I used to be associated with the UK’s first new-build dedicated school for children and young adults on the Autism spectrum, so I speak with experience when I say that there was a dozen different ways that Waitrose could have handled this and the way that they have just does not hold a candle to their so-called John Lewis Partnership, ‘partner’ benefits, which does include such things as paid parental leave and support for working families.

They could have given Tom a badge. A payslip. A Christmas card signed by the team. They could have said: “Tom, you’re one of us.” Instead, they told his mum the store was being “cleaned” so he wouldn’t be upset when they sent him away. The cruelty of that euphemism—“cleaned”—is almost Dickensian. It’s the kind of lie you tell a child about a dead pet.

This story touches something deeper than corporate policy. It’s about the meaning of work itself. For many of us, a job isn’t just about money. It’s about structure, community, identity. For someone like Tom, that’s magnified a hundredfold. The act of showing up, being useful, being part of something—that’s dignity. And we’ve built a world where that sort of quiet dignity has no line on the balance sheet.

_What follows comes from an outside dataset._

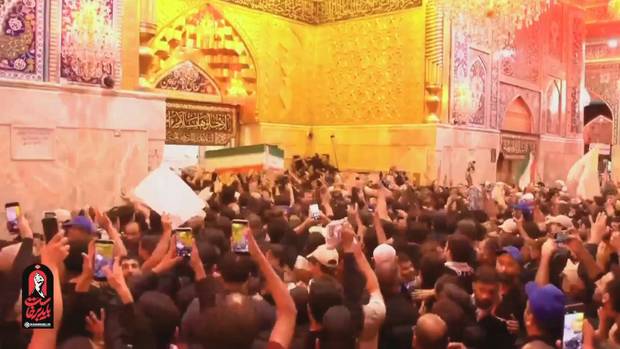 پیکر مطهر رهبر مجاهد شهید بر دستان عزاداران وارد ضریح شش گوشه سیدالشهدا (ع) شد
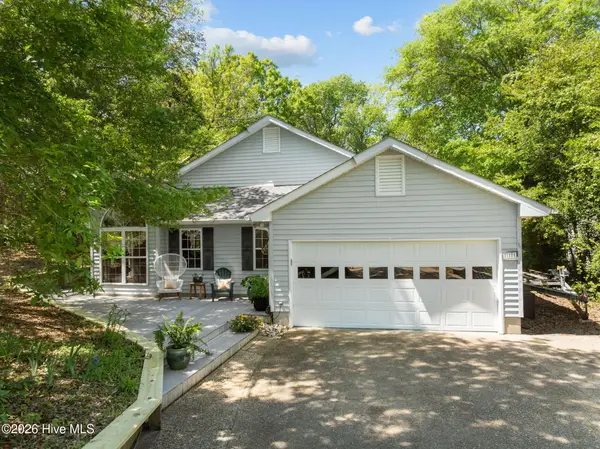 111 Mimosa Boulevard, Pine Knoll Shores, NC 28512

Frances Boyd’s heartbreak is palpable not because her son was denied pay, but because he was denied belonging. She knows that his “limited language” doesn’t mean limited feeling. She knows how much it mattered to him to have colleagues, a uniform, a role. And she knows that behind the green aprons and organic lemons, there’s a company that forgot what kindness looks like when it isn’t printed on a marketing brochure.

I don’t think Waitrose meant harm. That’s the saddest part. They thought they were doing the “proper thing.” The compliant thing. But doing the proper thing isn’t always doing the right thing. Sometimes decency requires bending a rule, writing a small cheque, taking a risk.

They told The Telegraph: “We are sorry to hear of Tom’s story, and whilst we cannot comment on individual cases, we are investigating as a priority.”

Tom Boyd’s story is a reminder that business isn’t about policies—it’s about people. It’s about the small acts that don’t make the quarterly report but define a company’s soul. Waitrose, for all its premium polish and “inclusive employer” copywriting, has shown us what happens when compassion meets compliance—and compliance wins.

If this is what “doing the right thing” looks like in 2025, maybe we all need to ask whether the moral till’s coming up short.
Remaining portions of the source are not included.